TO DO:
Copy exactly the stretch of lines from the one holding "Happy new mom" through the last line of the data below, inclusive. Leave out pictures.

● ● ●

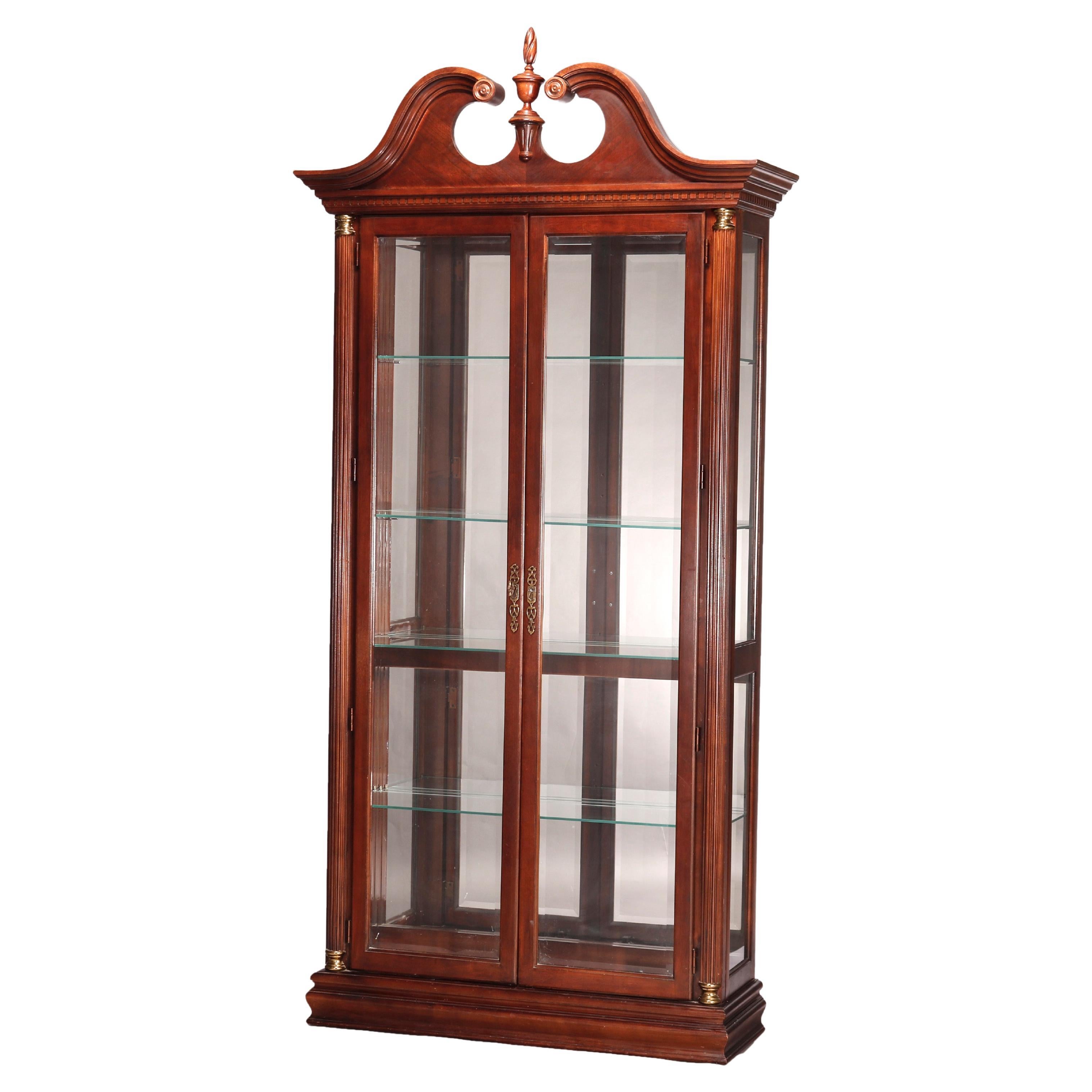 Federal Style Carved Mahogany Mirrored Display Cabinet by Pulaski, 20th C For Sale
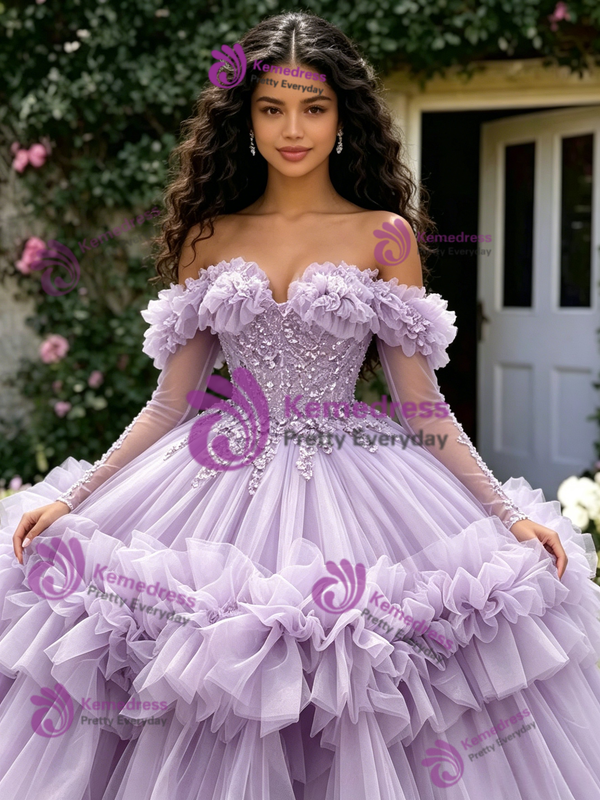 Purple Tulle Off the Sholuder Appliques Quinceanera Dress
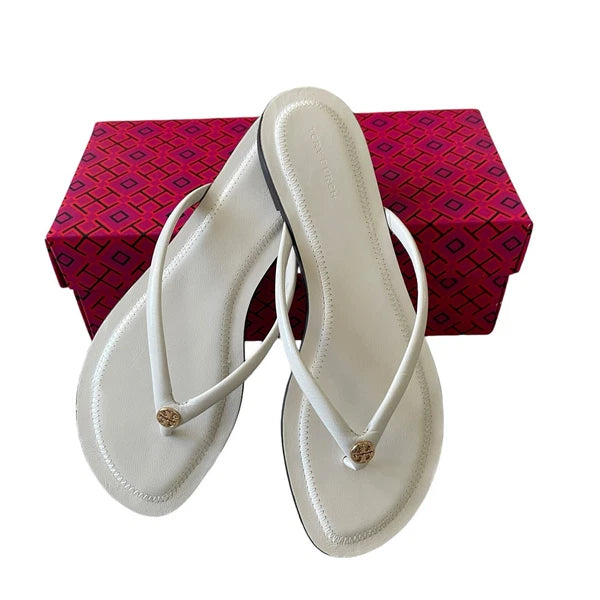 Tory Burch Women Chelsea Leather Flip Flop Thong Sandals Light Cream Sz 7.5 NEW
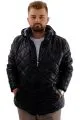 Mens Big Size Quilted Coat U24600 Dark Black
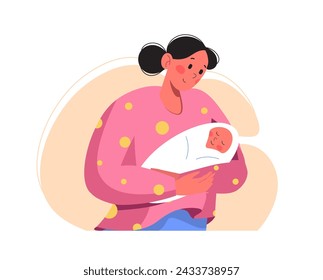 Happy new mom holding her infant in her arms. Cute woman hugs her newborn baby. Motherhood and child care vector illustration. Happy parent feeling love. Pregnancy and breastfeeding concept. 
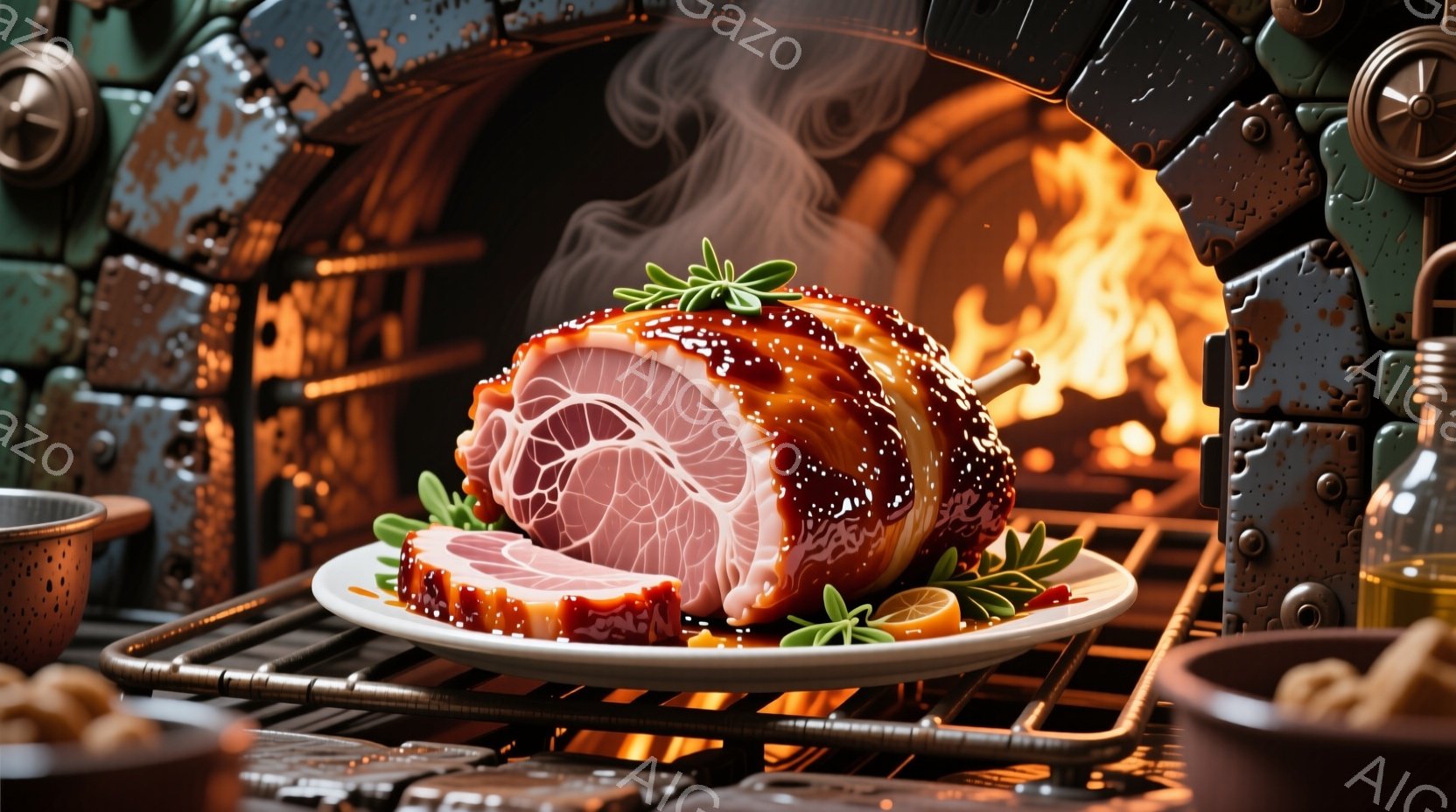 焼きたてのハムの塊が白皿に盛られ、緑色のハーブで飾られています。背景には燃え盛る炎と、錆び付いた金属製の調理器具が並んだ厨房の一部が写っており、温かく、食欲をそそる雰囲気です。ハムの断面からは肉汁が溢 - AI生成フリー素材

● ● ●

ANSWER TO THIS EXERCISE:
 Happy new mom holding her infant in her arms. Cute woman hugs her newborn baby. Motherhood and child care vector illustration. Happy parent feeling love. Pregnancy and breastfeeding concept. 
 焼きたてのハムの塊が白皿に盛られ、緑色のハーブで飾られています。背景には燃え盛る炎と、錆び付いた金属製の調理器具が並んだ厨房の一部が写っており、温かく、食欲をそそる雰囲気です。ハムの断面からは肉汁が溢 - AI生成フリー素材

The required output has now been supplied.